/work/Shun Ishiwaka + YCAM "Echoes for unknown egos ― manifestations of sound" - Agents

Shun Ishiwaka + YCAM "Echoes for unknown egos ― manifestations of sound" - Agents

Category:PerformanceTags:

Published: 2022 - 6 - 4

This is an improvisation percussion performance designed as a joint project of Japanese Drummer/Percussionist Shun Ishiwaka and YCAM (Yamaguchi Center for Art and Media) InterLab.

Teaser / Making

Agents

I was in charge of the development of several software systems used in the performance. We have taken several approaches to extend the musical creativity in improvisation by creating "alter egos" of Ishiwaka. My work in this project was developing some Agents that respond to Ishiwaka's play in real time, and "Meta-Agents" that observe the musical state of Ishiwaka's play and orchestrate other Agents based on the situation.

Melody
Agent

Melody agent plays generated melody in real-time along with Ishiwaka's drums play.

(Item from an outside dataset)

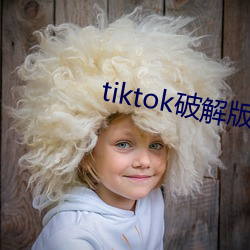 tiktokƽֱӿɿ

Melody generation uses Google Magenta's MusicVAE (16-bar Trio model). During performance, generation runs in parallel at three different temperatures (0.5 / 1.0 / 1.5), and combined with post-generation effect settings, 16 playback patterns are prepared, switched in real time by the Meta Agent. The effect variations were designed by Ishiwaka himself, including:

Two voices: randomly stacking intervals of a 3rd or 5th
Expressive: applying pitch shift and delay
Random chord: stacking random chords
High / low register only: restricting pitch range
Unison two octaves below: doubling the melody two octaves down
Repeated notes: tremolo-style 16th notes at a random tempo

The system is split into two processes: a Python UDP server for melody generation with MusicVAE, and a client that sends MIDI to a piano/synthesizer and handles playback.

Sampler
Agent

Sampler agent plays recorded samples of Ishiwaka's past Piano play along with drums play.

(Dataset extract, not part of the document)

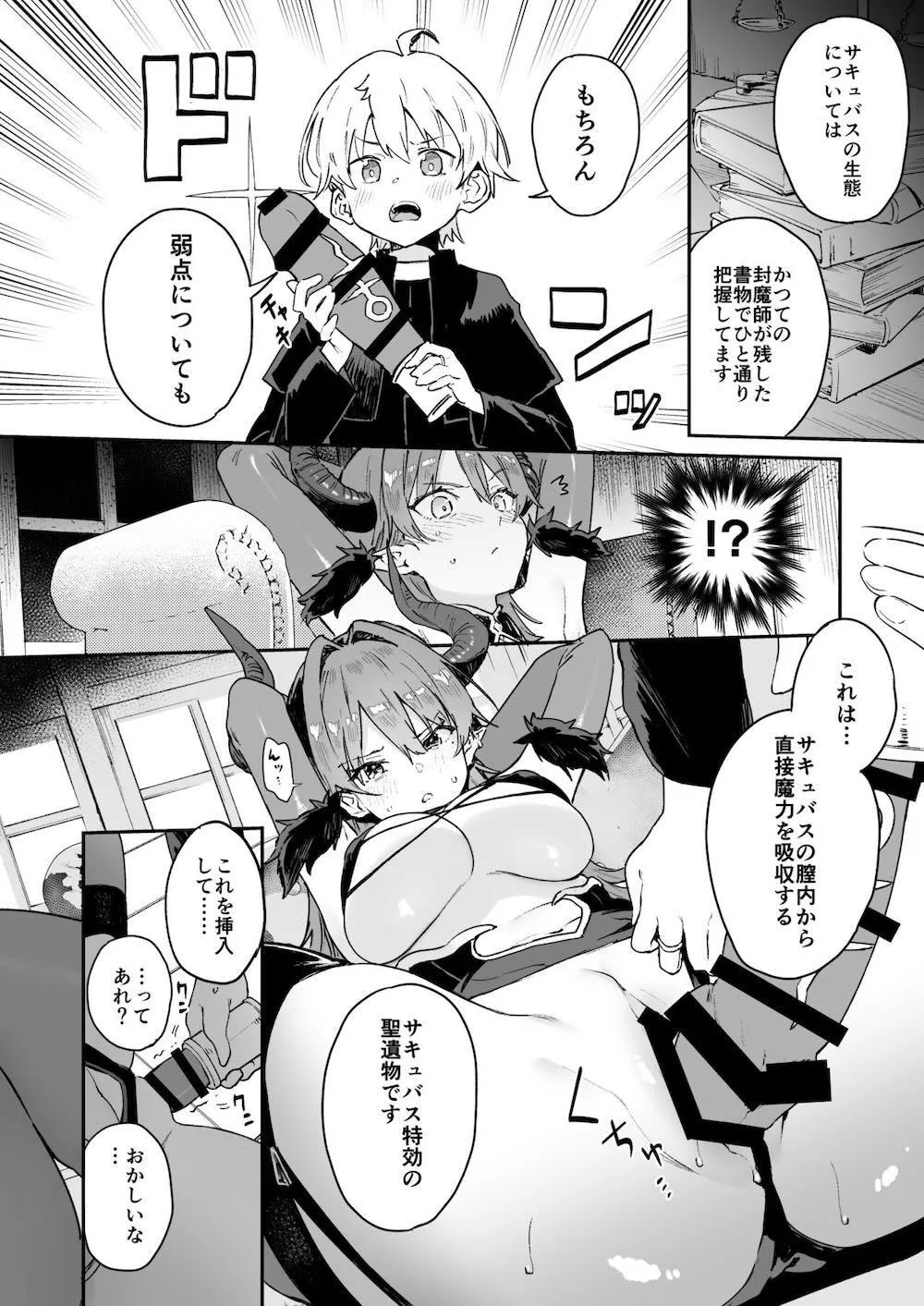 sodabatake inmaoneesanniwaettinaosiokidetatakaundayo! page 7 full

As the agent with the highest fidelity to Ishiwaka's own identity, the Sampler uses actual recordings of his performances. Three variants were implemented:

Piano Sampler: uses ~40 min of Ishiwaka's solo piano improvisation over his own drums as samples
Sax Sampler: searches for saxophone phrases from Ishiwaka and Kei Matsumaru's improvisation sessions (~40 min) that match the current drum playing
Drums Sampler: retrieves drum pattern samples triggered by saxophone input

Similarity search is performed using Librosa audio features (Zero Crossing Rate, Melspectrogram, Tempogram) and FLANN (Fast Approximate Nearest Neighbor Search) for real-time performance. Sample playback is triggered by Rhythm AI's generated rhythm patterns. To distinguish the agent's sound from live playing, an intentional pitch-modulation effect is applied.

Meta
Agent

Meta-Agent is an agent that controls other agents play style and designs combination of agents.

The Meta Agent was not part of the original plan, but emerged from a request by Ishiwaka during a residency in February 2022: "I want an 'ear' that listens to my playing and decides what comes next."

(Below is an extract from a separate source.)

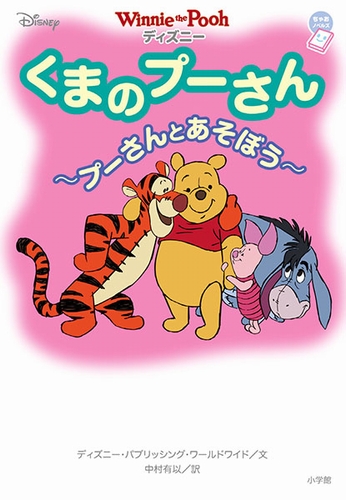 ディズニー くまのプーさん プーさんとあそぼう 絵本ナビ ウォルト ディズニー ジャパン株式会社 中村 有以 みんなの声 通販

Audio features (ZCR, Melspectrogram, Tempogram) from the microphone and MIDI signals (note count, velocity, number of drums) are accumulated per second and projected onto a 2D coordinate via PCA. Ishiwaka monitored the coordinate space during rehearsals and used a spreadsheet to define which agents to activate—and how—at each coordinate region. This allowed even agents without microphone input (like Pongo and Cymbal) to respond to Ishiwaka's playing state, and enabled Ishiwaka himself to design the orchestration of the entire performance semi-autonomously.

Reactions
and
Discoveries

Sampler:
The
Paradox
of
"Sounding
Non-human"

My initial idea for using the sampler was to capture the raw, human feeling—the subtle fluctuations and textural nuances that only a person can produce. It was fascinating that what I originally aimed to make human-sounding ended up sounding non-human.

— TOKION: "A Technological Co-creation of AI and Improvisation — Shun Ishiwaka × Kei Matsumaru, Part 1"

The Sampler, designed as the most faithful alter ego, paradoxically produced a non-human quality through the process of search and playback—an unexpected discovery for the development team as well. In response, intentional pitch variation was added as a sound design choice to highlight the agent's distinct presence during performance.

Meta
Agent:
The
Feeling
of
Having
an
"Ear"

After testing the prototype, Ishiwaka remarked that it felt like the system had "gained an ear," and proposed using it to coordinate the entire performance. Rather than improvising with each agent in sequence, the Meta Agent enabled multiple agents to play simultaneously, with Ishiwaka entering into a full ensemble. Since Ishiwaka personally designed the relationship between coordinate space and agent behavior via a spreadsheet, the orchestration of the whole performance was effectively carried out by his own "alter egos."